$\text{VC}_{\ell}$-dimension and the jump to the fastest speed of a hereditary $\mathcal{L}$-property

TL;DR

This paper explores the relationship between the growth rates of hereditary classes of finite structures and a generalized VC-dimension, revealing a sharp dichotomy in their possible speeds based on model-theoretic properties.

Contribution

It establishes a stronger gap in the growth rates of hereditary properties and characterizes this gap using the concept of VC_{ell}-dimension, linking combinatorial and model-theoretic perspectives.

Findings

Identifies a dichotomy in the speed of hereditary properties: either exponential in n^r or significantly slower.

Strengthens previous results on the gap for properties with arity r ≥ 3.
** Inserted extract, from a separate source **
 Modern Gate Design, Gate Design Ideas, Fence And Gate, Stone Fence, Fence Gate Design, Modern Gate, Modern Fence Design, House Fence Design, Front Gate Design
Connects the growth rate gap to VC_{ell}-dimension and model-theoretic dividing lines.

Abstract

In this paper we investigate a connection between the growth rates of certain classes of finite structures and a generalization of $\text{VC}$-dimension called $\text{VC}_{\ell}$-dimension. Let $\mathcal{L}$ be a finite relational language with maximum arity $r$. A hereditary $\mathcal{L}$-property is a class of finite $\mathcal{L}$-structures closed under isomorphism and substructures. The \emph{speed} of a hereditary $\mathcal{L}$-property $\mathcal{H}$ is the function which sends $n$ to $|\mathcal{H}_n|$, where $\mathcal{H}_n$ is the set of elements of $\mathcal{H}$ with universe $\{1,\ldots, n\}$. It was previously known there exists a gap between the fastest possible speed of a hereditary $\mathcal{L}$-property and all lower speeds, namely between the speeds $2^{\Theta(n^r)}$ and $2^{o(n^r)}$. We strengthen this gap by showing that for any hereditary $\mathcal{L}$-property $\mathcal{H}$, either $|\mathcal{H}_n|=2^{\Theta(n^r)}$ or there is $\epsilon>0$ such that for all large enough $n$, $|\mathcal{H}_n|\leq 2^{n^{r-\epsilon}}$. This improves what was previously known about this gap when $r\geq 3$. Further, we show this gap can be characterized in terms of $\text{VC}_{\ell}$-dimension, therefore drawing a connection between this finite counting problem and the model theoretic dividing line known as $\ell$-dependence.